Episode 4 — Generative AI Engineering / 4.1 — How LLMs Actually Work
4.1.c — Sampling: Temperature and Randomness Control
In one sentence: After the model computes probabilities for every possible next token, sampling parameters like temperature, top-p, and top-k determine which token is actually chosen — controlling the tradeoff between predictable, focused outputs and creative, diverse ones.
Navigation: ← 4.1.b — Context Window · 4.1.d — Hallucination →
1. How Token Selection Works
When the model processes your prompt, it doesn't generate text directly. It computes a probability distribution over its entire vocabulary (50,000-200,000 tokens). Every single token gets a probability score — then ONE token must be selected.
Prompt: "The capital of France is"
Model's probability distribution for the next token:
" Paris" → 92.3%
" Lyon" → 2.1%
" the" → 1.8%
" located" → 0.9%
" not" → 0.4%
" a" → 0.3%
... (200,000 other tokens with tiny probabilities)
SAMPLING decides which one gets picked.
Without sampling (greedy decoding): always pick the highest probability token. "Paris" every time. Deterministic but potentially boring and repetitive.
With sampling: randomly select from the distribution, weighted by probabilities. "Paris" most of the time, but occasionally "Lyon" or something surprising.
2. Temperature
Temperature is the single most important sampling parameter. It controls how "sharp" or "flat" the probability distribution is before sampling.

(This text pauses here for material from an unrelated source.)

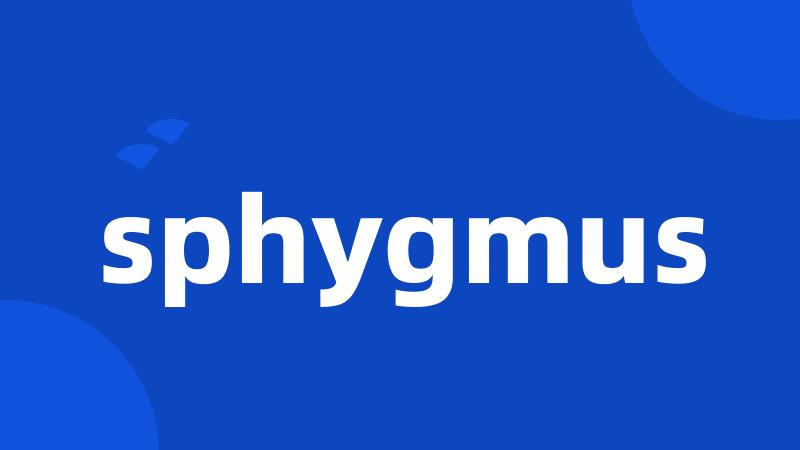 sphygmus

How it works mathematically
Temperature modifies the logits (raw scores before softmax) by dividing them by the temperature value:
adjusted_probability = softmax(logits / temperature)
Temperature = 0 (or very close to 0)
Probability distribution:
" Paris" → 99.99% ████████████████████████████████████████
" Lyon" → 0.005%
" the" → 0.003%
Everything else → ~0%
Result: ALWAYS picks "Paris". Completely deterministic.
Same input → Same output every time.
Use when: You need consistent, predictable, factual responses. JSON generation, data extraction, classification, code generation.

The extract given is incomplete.